SUMMARY OF THE TALKS

09:00 – 10:45

Session 1: Welcome and Introduction to the Projects and NCCs

09:00 – 09:10

Welcome – Tomas Karasek (NCC CZ)

09:10 – 09:25

Introduction of the EuroHPC JU and EuroCC project – Tomas Karasek (NCC CZ)

09:25 – 09:45

Introduction of the NCC Czech Republic – Tomas Karasek (NCC CZ)

09:45 – 10:05

Introduction of the NCC Germany – Sohel Herff (NCC DE)

10:05 – 10:25

Introduction of the NCC IS – Simulation & Data Labs of NCC Iceland – An Invitation for International Cooperation – Morris Riedel (NCC IS)

10:25 – 10:45

Introduction of the CoE RAISE – Andreas Lintermann (FZJ - RAISE)

11:20 – 13:00

Session 2: AI- and HPC-Cross-Methods at Exascale

11:20 – 11:40

Porting, optimisation and performance analysis of RAISE software stack – Guillaume Houzeaux (BSC – RAISE)

The architectures of next-generation supercomputers with Exascale power will evolve around the current modular and heterogeneous setups.
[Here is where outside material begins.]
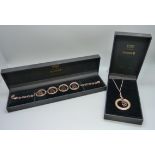 A gilt Guinness bracelet and a similar pendant and chain, boxed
Such a modular approach is especially suited for compute- and data-centric workflows that may require different High-Performance Computing (HPC) architectures for the various potentially concurrently running workflow components. During the course of RAISE, to achieve the highest possible performance, the HPC codes and ML tools are continuously being ported, optimised and analysed. The different systems tested are those belonging to partner centres, but also those accessed through PRACE access calls. We will present some of these optimisations and performance analysis.

11:40 – 12:00

From prototypes to exascale systems: testing and optimising existing ML frameworks – Eray Inanc (FZJ – RAISE)
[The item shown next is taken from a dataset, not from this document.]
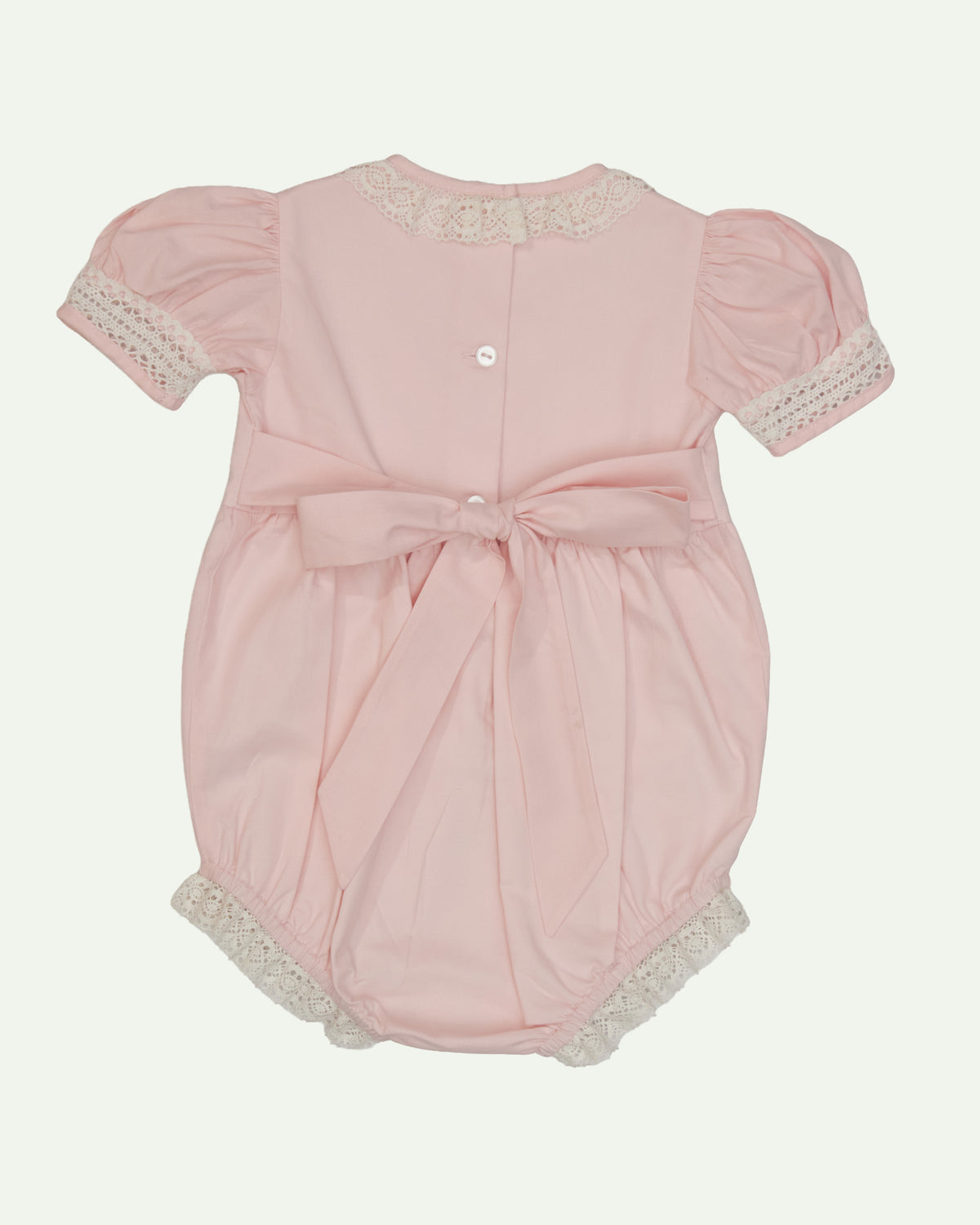 Flat lay back of baby girl soft pink cotton bubble — Anne Bubble by Bonbon Rue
Within RAISE, the developers have access to various hardware prototypes, which represent ideal playgrounds for testing purposes. Several highly scalable ML frameworks such as PyTorch Distributed Data Parallel, Horovod, HeAT, or DeepSpeed, are ported and optimised on these prototypes. As training enormous datasets require such frameworks, the findings here have the potential to influence the co-design of next-generation exascale systems by providing feedback to the maintainers and operators.

12:00 – 12:20

Hybrid Quantum-Classical Methods for Machine Learning – Marcel Aach (FZJ – RAISE)

Quantum Annealers (QA) that have become available in the last few years are well suited to solve certain optimisation problems much faster than a regular computer.  However, the size of the actual problems that can be computed on a QA is still limited. Therefore hybrid machine learning methods are necessary to run larger problems on the QA. In the RAISE project, such a hybrid quantum-classical method is explored for finding the optimal hyperparameters of neural networks.

12:20 – 12:40

Towards adoptions of a Unique AI Framework for the EuroHPC JU Systems Ecosystem – Morris Riedel (UOI – RAISE)
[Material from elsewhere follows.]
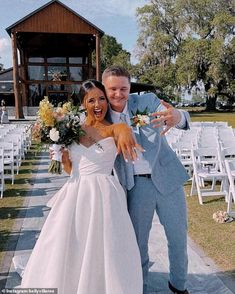 a bride and groom pose for a photo in front of white chairs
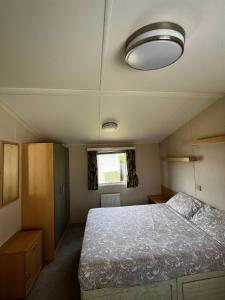 a bedroom with a large bed and a ceiling at Seaview Holiday Rentals - Seawall in Whitstable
CoE RAISE develops a Unique AI Framework for HPC systems co-designed by various scientific and engineering applications that take advantage of AI at scale. The talk will present the co-design activities and provide an overview of the initial framework blueprint. Requirements and framework component details will be provided, including a path towards broader adoption of the framework beyond CoE RAISE and its partners.

12:40 – 13:00

Lessons learned of applying cross-sectional AI/HPC Methods in Scientific & Engineering Applications – Morris Riedel (UOI – RAISE)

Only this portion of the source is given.